Caption-style text data
■ ■ ■ ■ ■

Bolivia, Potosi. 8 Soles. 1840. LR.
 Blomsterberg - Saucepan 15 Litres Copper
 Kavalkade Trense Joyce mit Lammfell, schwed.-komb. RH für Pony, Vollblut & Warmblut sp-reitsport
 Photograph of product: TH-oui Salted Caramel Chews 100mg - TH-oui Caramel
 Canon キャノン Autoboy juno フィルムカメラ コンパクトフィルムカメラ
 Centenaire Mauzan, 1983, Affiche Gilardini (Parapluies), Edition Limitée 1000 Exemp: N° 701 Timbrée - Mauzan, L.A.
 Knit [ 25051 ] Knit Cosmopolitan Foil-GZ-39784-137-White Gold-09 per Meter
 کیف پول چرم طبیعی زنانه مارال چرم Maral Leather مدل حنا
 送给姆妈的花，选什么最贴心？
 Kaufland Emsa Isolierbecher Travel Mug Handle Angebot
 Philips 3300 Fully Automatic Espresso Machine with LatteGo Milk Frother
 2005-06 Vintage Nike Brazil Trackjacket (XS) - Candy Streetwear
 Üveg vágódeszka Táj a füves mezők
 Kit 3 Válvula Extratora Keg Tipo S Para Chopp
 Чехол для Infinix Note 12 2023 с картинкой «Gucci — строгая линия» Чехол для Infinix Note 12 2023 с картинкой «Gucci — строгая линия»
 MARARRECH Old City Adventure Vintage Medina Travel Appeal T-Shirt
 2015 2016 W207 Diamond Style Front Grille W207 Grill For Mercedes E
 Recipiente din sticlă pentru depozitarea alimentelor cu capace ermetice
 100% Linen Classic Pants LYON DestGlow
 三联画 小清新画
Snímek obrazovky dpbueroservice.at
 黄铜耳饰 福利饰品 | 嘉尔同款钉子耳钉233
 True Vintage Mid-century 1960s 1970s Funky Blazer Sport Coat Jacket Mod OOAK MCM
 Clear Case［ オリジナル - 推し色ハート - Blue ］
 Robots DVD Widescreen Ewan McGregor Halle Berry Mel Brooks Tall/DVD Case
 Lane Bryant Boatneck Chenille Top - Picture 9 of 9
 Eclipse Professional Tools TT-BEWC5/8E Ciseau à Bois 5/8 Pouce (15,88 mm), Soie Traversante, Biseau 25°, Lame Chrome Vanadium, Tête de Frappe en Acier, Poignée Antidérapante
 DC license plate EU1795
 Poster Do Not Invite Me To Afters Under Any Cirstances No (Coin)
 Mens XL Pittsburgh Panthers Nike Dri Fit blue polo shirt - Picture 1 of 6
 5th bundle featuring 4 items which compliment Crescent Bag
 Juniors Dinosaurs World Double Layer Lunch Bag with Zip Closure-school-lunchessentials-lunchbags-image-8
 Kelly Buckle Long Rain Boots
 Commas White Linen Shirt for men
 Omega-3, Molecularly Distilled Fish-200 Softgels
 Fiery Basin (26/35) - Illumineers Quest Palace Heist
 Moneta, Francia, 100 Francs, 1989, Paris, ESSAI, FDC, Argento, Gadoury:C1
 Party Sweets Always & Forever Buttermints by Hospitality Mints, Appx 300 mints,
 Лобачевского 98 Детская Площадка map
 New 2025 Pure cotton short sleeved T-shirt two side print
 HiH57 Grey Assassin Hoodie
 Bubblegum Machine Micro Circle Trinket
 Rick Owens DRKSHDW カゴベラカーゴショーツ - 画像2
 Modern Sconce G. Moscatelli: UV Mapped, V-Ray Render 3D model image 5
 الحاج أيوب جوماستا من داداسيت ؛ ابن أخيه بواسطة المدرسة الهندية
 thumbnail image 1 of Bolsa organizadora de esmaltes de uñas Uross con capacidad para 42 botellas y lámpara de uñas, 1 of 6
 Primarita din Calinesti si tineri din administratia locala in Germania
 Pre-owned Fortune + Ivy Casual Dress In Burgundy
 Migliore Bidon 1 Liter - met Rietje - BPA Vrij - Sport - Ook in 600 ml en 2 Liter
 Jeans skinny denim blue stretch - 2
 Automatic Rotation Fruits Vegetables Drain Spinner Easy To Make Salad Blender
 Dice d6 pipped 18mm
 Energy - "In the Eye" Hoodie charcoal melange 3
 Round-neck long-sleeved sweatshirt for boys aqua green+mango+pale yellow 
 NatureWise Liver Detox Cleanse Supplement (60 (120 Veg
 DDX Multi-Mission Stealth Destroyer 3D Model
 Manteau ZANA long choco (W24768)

■ ■ ■ ■ ■

Whichever lines of the data include the word "Linen", pull them out.

 100% Linen Classic Pants LYON DestGlow
 Commas White Linen Shirt for men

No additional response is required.